Book by Gerald Gardner

Witchcraft Today is a non-fiction book written by Gerald Gardner. Published in 1954, Witchcraft Today recounts Gardner's thoughts on the history and practices of the theoretical witch-cult, and his claim to have met practising witches in 1930s England. It is based on the discredited Witch-cult hypothesis which argued that persecuted witches had actually been followers of a surviving pagan religion. It also deals with his theory that the Knights Templar had practised the religion, and that the belief in faeries in ancient, mediaeval and early modern Europe is due to a secretive pygmy race that lived alongside humans. Witchcraft Today is one of the foundational texts for the religion of Wicca, along with Gardner's second book on the subject, 1959's The Meaning of Witchcraft.

Gerald Gardner in the foreword to Witchcraft Today:
I have been told by witches in England: "Write and tell people we are not perverts. We are decent people, we only want to be left alone, but there are certain secrets that you mustn't give away." So after some arguments as to exactly what I must not reveal, I am permitted to tell much that has never before been made public concerning their beliefs, their rituals and their reasons for what they do; also to emphasize that neither their present beliefs, rituals nor practices are harmful.

Whilst by the time of writing, Gardner had been initiated into the religion, and had formed his own coven, he did not state this in the book. Instead he "posed as a disinterested anthropologist". The introduction to the book was written by Margaret Murray, the main proponent of the discredited witch-cult hypothesis in the 1920s and 1930s.
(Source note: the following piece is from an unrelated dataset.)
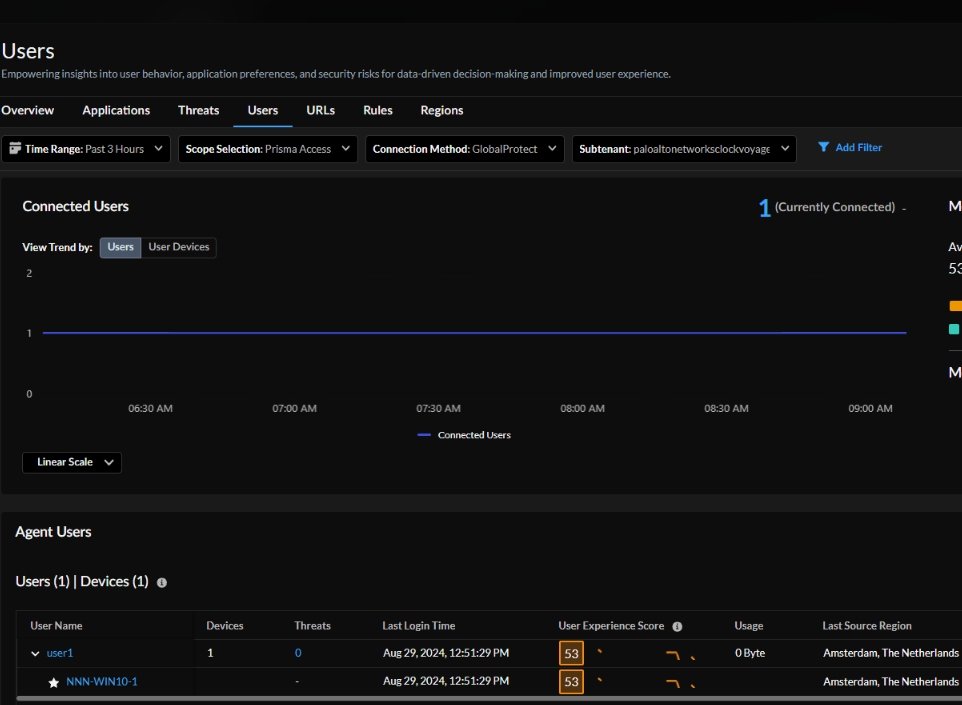 Strata Cloud Manager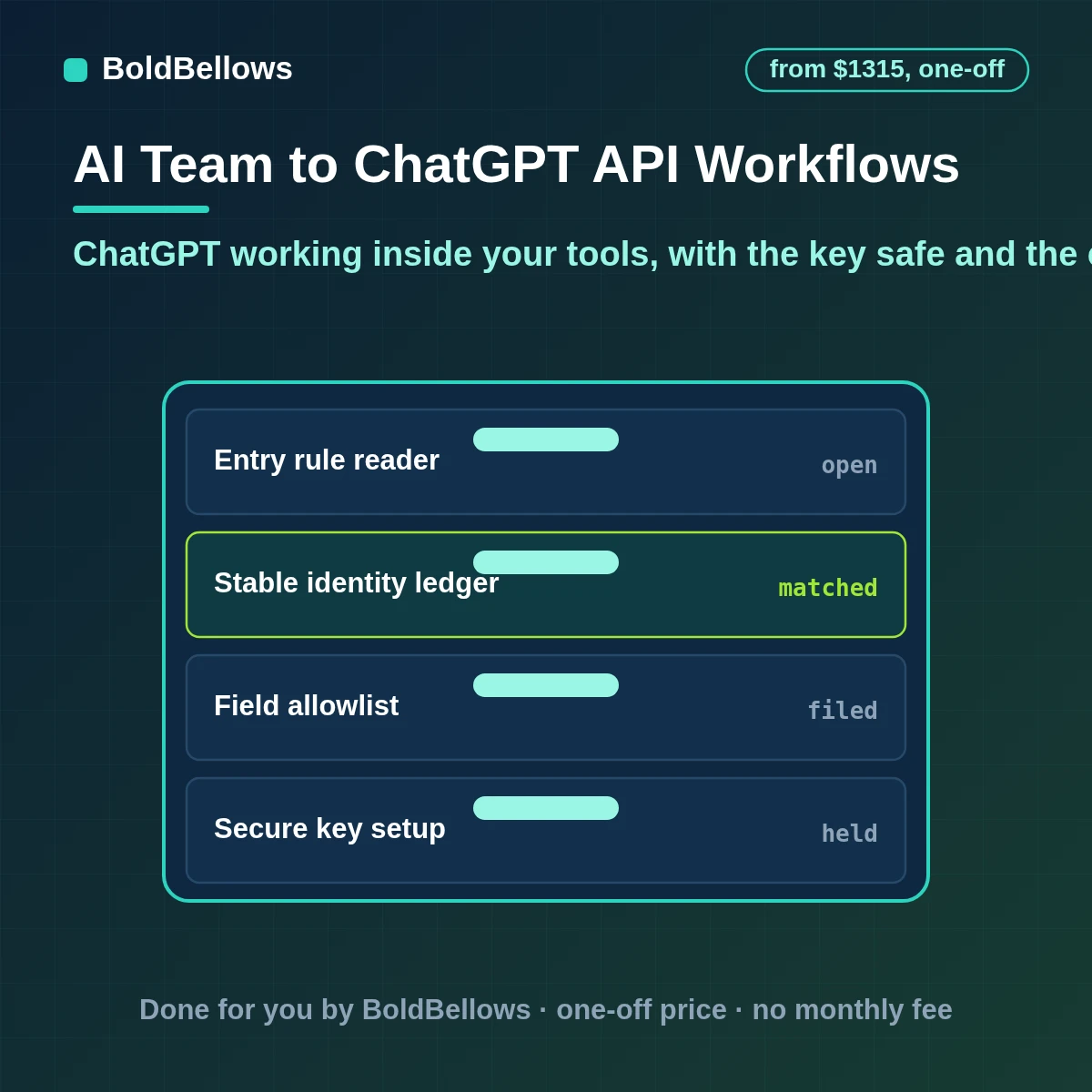ChatGPT API integration with a secure key, spend limits and request logging inside business tools, built by BoldBellows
In her introduction, she stated:

Dr Gardner has shown in his book how much of the so-called "witchcraft" is descended from ancient rituals, and has nothing to do with spell-casting and other evil practices, but is the sincere expression of that feeling towards God which is expressed, perhaps more decorously though not more sincerely, by modern Christianity in church services."

In the book Gardner also repeats the claim, which had originated with Matilda Joslyn Gage, that 9 million victims were killed in the European witch-hunts." Current scholarly estimates of the number of people executed for witchcraft during this time period vary between about 40,000 and 100,000.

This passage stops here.